• **DATA SHOWN**:
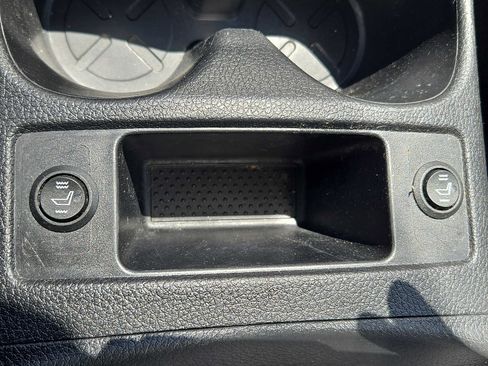 Used 2016 Nissan Rogue SV w/ SV Moonroof Package AWD/4WD image 26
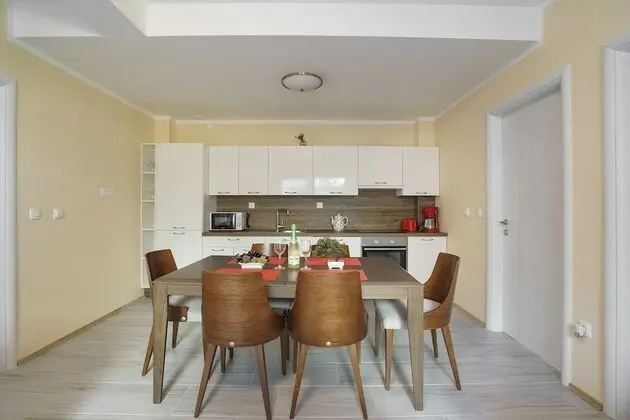Deluxe Apart Daire, Deniz Manzaralı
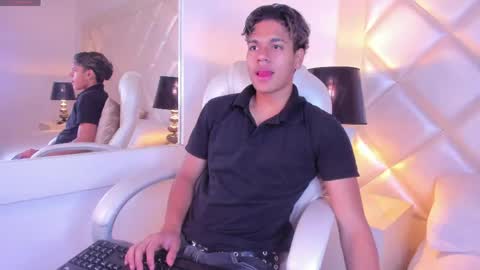 Snapshot of marco_deluxe chatting on May 22, 2:01 pm marco_deluxe online show from May 22, 2:01 pm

• **TASK ITEM**: Every line from the one that holds "Deluxe Apart Daire, Deniz Manzaralı" to the end of the listing should be output exactly, with pictures left out, please.

• **RESPONSE BOX**:
Deluxe Apart Daire, Deniz Manzaralı
 Snapshot of marco_deluxe chatting on May 22, 2:01 pm marco_deluxe online show from May 22, 2:01 pm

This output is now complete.